How to Build Self-Efficacy?

  • Deconstruct Catastrophic Thoughts

    • Challenging thoughts takes practice and persistence. We often take on beliefs about ourselves that do not serve us or are no longer true to who we are. Despite this, there is a piece of us that believes this is necessary for our survival and will fight to keep its’ place as our automatic thought. If you believe about yourself that you are not good enough, you will find evidence to support it. If you can tweak the belief and say, “I have overcome the challenges that I have faced so far” or “I have been tested in my life. This is another test and I will find a way through.”

    • Our bodies are very good at protecting us. One of the ways that they do this is by giving us anxiety. Anxiety is not always a bad thing but unfortunately our body does not always register the difference between an upcoming event or a hungry puma. A great time to panic and go into survival mode is when you’re facing some pearly whites that are remarkably sharp. A poor time to run screaming is when you are called on to share your slides of the powerpoint.

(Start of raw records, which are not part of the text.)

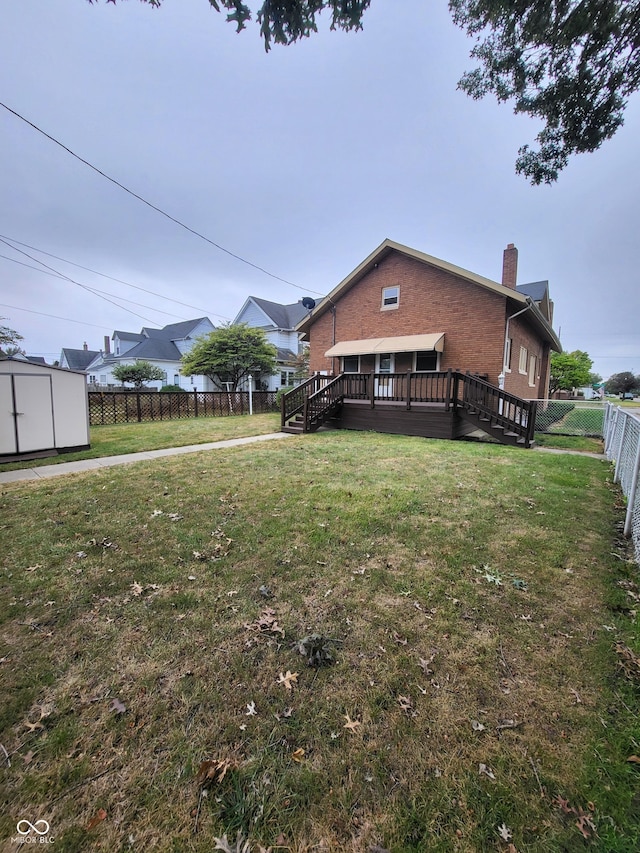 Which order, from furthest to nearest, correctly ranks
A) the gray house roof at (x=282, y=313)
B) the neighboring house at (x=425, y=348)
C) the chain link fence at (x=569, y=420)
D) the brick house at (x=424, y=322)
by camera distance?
the gray house roof at (x=282, y=313) < the chain link fence at (x=569, y=420) < the brick house at (x=424, y=322) < the neighboring house at (x=425, y=348)

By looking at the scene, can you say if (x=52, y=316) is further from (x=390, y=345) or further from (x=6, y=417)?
(x=390, y=345)

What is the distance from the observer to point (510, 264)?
1602 cm

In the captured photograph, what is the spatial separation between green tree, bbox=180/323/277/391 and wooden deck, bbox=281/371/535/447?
9.36 metres

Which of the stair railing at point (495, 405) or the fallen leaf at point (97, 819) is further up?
the stair railing at point (495, 405)

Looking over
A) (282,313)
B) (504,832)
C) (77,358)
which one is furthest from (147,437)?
(77,358)

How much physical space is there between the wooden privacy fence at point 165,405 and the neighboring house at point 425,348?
5.72 metres

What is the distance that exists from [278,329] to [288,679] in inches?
1094

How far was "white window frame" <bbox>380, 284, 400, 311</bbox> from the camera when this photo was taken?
14.5 m

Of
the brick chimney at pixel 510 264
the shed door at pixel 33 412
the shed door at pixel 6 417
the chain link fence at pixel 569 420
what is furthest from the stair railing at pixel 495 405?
the shed door at pixel 6 417

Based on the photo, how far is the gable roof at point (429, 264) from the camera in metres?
11.6

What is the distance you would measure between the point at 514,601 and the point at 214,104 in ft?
44.2

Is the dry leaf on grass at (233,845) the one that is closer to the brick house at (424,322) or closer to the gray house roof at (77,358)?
the brick house at (424,322)

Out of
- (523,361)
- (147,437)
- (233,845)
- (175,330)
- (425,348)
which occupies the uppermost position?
(175,330)

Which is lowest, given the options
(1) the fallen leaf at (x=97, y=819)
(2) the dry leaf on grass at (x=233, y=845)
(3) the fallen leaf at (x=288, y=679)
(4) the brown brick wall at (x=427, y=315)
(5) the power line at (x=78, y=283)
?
(2) the dry leaf on grass at (x=233, y=845) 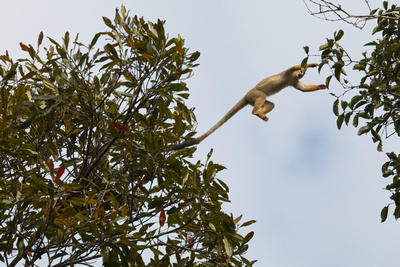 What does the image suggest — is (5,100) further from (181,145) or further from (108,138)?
(181,145)

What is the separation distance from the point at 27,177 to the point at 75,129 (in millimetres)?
715

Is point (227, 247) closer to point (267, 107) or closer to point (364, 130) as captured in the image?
point (364, 130)

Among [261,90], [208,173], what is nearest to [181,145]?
[208,173]

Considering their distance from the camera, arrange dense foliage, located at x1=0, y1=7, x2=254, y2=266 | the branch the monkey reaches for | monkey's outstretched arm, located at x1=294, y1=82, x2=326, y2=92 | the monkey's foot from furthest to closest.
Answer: monkey's outstretched arm, located at x1=294, y1=82, x2=326, y2=92 < the branch the monkey reaches for < the monkey's foot < dense foliage, located at x1=0, y1=7, x2=254, y2=266

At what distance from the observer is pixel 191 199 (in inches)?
184

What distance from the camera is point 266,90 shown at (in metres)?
7.42

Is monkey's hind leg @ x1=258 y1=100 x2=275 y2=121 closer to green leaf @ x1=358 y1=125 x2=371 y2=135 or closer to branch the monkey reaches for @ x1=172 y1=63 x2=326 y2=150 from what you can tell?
branch the monkey reaches for @ x1=172 y1=63 x2=326 y2=150

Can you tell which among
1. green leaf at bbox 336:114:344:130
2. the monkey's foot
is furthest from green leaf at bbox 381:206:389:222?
the monkey's foot

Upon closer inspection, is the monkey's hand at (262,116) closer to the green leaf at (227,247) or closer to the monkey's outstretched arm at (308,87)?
the monkey's outstretched arm at (308,87)

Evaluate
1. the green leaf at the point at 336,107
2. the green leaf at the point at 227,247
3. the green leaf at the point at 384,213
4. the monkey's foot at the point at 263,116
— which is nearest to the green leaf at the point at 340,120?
the green leaf at the point at 336,107

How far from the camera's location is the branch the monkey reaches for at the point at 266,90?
704 centimetres

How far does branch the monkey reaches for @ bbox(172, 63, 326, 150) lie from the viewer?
704cm

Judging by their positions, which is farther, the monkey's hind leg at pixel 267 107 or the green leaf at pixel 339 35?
the monkey's hind leg at pixel 267 107

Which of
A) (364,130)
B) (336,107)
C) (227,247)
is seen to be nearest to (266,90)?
(336,107) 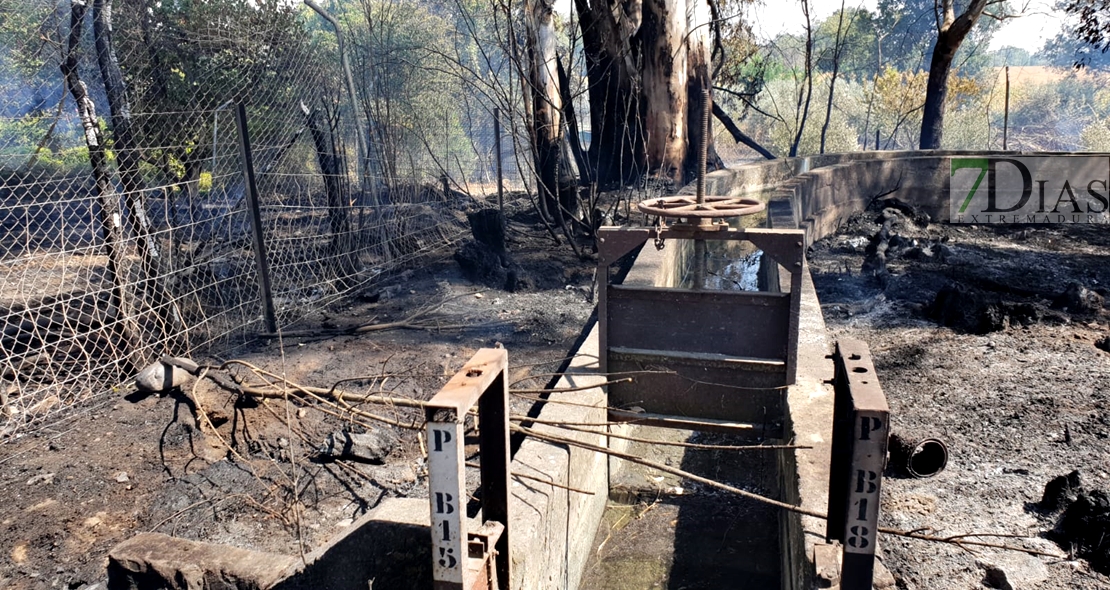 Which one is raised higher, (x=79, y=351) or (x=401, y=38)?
(x=401, y=38)

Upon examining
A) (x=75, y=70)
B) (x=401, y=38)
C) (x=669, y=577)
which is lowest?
(x=669, y=577)

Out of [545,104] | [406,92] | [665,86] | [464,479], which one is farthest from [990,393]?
[406,92]

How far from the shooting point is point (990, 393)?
16.8ft

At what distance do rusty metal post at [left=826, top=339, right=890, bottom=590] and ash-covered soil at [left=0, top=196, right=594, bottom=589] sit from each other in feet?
5.84

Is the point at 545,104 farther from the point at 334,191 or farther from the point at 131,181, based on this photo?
the point at 131,181

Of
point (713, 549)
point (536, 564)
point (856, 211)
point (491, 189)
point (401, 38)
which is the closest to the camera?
point (536, 564)

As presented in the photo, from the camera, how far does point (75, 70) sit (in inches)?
199

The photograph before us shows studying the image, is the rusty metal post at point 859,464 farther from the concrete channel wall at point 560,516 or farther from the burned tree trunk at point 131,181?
the burned tree trunk at point 131,181

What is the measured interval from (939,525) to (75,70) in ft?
19.0

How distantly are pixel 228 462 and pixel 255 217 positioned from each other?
2468 mm

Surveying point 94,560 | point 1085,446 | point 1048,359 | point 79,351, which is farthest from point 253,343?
point 1048,359

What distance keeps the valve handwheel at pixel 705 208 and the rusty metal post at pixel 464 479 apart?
2.43m

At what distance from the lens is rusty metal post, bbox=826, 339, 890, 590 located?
2203mm

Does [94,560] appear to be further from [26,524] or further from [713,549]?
[713,549] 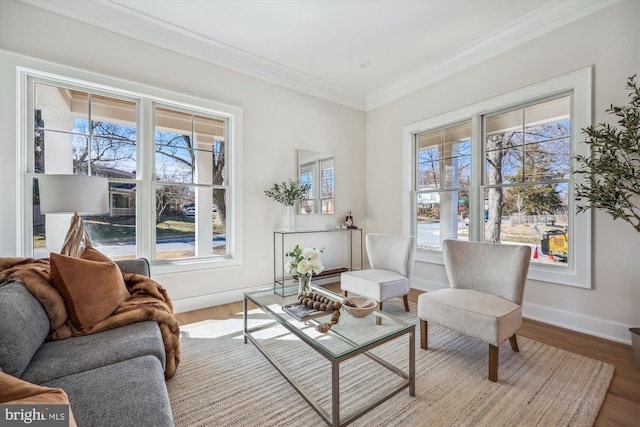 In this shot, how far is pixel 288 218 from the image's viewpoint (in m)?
3.66

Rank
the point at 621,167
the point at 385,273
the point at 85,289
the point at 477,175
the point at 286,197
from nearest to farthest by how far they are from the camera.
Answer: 1. the point at 85,289
2. the point at 621,167
3. the point at 385,273
4. the point at 477,175
5. the point at 286,197

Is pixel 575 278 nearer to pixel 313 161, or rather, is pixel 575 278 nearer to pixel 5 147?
pixel 313 161

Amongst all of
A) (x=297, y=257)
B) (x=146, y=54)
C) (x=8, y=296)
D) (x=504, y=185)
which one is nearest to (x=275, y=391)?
(x=297, y=257)

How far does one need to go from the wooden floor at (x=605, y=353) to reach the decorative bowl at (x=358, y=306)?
4.15ft

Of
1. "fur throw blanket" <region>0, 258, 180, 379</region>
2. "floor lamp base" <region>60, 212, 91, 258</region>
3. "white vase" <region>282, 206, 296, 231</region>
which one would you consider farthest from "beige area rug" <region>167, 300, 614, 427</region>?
"white vase" <region>282, 206, 296, 231</region>

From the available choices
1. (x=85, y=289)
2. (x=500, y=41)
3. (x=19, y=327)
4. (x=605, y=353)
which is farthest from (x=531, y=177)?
(x=19, y=327)

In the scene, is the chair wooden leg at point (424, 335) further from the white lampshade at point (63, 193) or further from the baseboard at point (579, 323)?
the white lampshade at point (63, 193)

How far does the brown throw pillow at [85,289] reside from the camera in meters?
1.57

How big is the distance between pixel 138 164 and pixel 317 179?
2228 mm

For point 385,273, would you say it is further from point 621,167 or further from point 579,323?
point 621,167

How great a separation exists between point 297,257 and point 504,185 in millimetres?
2490

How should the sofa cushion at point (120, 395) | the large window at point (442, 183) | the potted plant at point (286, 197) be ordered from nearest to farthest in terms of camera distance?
the sofa cushion at point (120, 395) → the large window at point (442, 183) → the potted plant at point (286, 197)

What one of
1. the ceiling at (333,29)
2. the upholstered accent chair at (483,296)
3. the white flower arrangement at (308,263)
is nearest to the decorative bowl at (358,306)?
the white flower arrangement at (308,263)

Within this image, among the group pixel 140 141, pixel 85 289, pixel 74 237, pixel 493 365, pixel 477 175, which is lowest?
pixel 493 365
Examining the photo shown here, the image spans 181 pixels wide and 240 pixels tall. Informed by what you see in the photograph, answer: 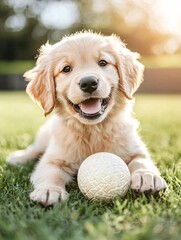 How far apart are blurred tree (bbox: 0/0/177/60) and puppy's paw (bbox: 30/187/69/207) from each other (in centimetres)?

    • When you find yourself in a situation that you are thinking about disaster. Try asking yourself a few questions and taking the time to work it through.

      • What is the realistic worse case scenario? - Again, the key word is realistic. Although there are infinite possibilities in this world and there is a slight chance that a whale may come crashing through your roof, it is not a likely outcome. Unless of course you are krill. In which case, you would not likely reading this. Unless Aqua Man read it to you… I am getting off track here.

      • If the realistic worse case scenario came to pass, what would I need to do to be ok anyways? - You have survived everything that you’ve endured to this moment. Imagine yourself on the other side of the event once the dust has settled instead of remaining in the fear of that moment.

      • What are some pieces of evidence that tell me I will be alright? - Think about past experiences that you have pushed through so far. You could also take time to consider your strengths and pieces that are uniquely suited to you and your ability to do well in this setting.

  • Test Yourself

    • The primary way to reduce anxiety is building distress tolerance. This means sitting in the discomfort of the trying situation instead of avoiding the problem. Avoidance may provide short-term anxiety relief but it increases long-term anxiety growth. It also nearly guarantees that you will experience the same, if not greater anxiety when you try to accomplish the task the next time.

    • Exposure therapy has been found to be effective in overcoming or moderating the impact of phobias and other anxiety triggers. Consider making an exposure hierarchy where you rank approachable ways to challenge your fear so that you gradually build up to conquering the fear. Here is an example of an exposure hierarchy with public speaking.

      • Low Exposure (Start Here):

        • Research the topic you want to speak on.

        • Practice going over the speech a few times in your head.

        • Begin giving your speech in the mirror.

        • Record and listen to your speech

      • Moderate Exposure (Keep Going!):

        • Ask someone you trust to listen to you speak.

        • Speak to a small group of friends.

      • High Exposure: (End Here):

        • Crush your speech and inspire millions!

  • Story of Resiliency vs Story of Pain

    • In any event that is challenging, there are multiple ways to tell the story. You can speak to the story of pain and describe in great detail the trials, the setbacks, and what you had to suffer. You can also speak to the story of resiliency where you speak to your strengths, the growth you gained, lessons learned, and what made it possible for you to overcome. This is not an attempt to gloss over the pain but rather a chance to not skip over the ways you showed up to take on the challenge. If you take the time to reflect, I am confident you will find more examples than not where you raised to the occasion even when it was daunting.

Call-To-Action

What is something that makes you nervous or uncomfortable? Are there things that you have been holding yourself back from out of a fear that you may fall short? Try some of the tips above for building self-efficacy and ask yourself what you stand to gain instead of what you stand to lose. Life is a spectrum of risk and reward. Take a chance, be bold, and seize the opportunity to shine! I look forward to hearing about the successes you bring to fruition!

Take care, be well, and Companion Your Journey!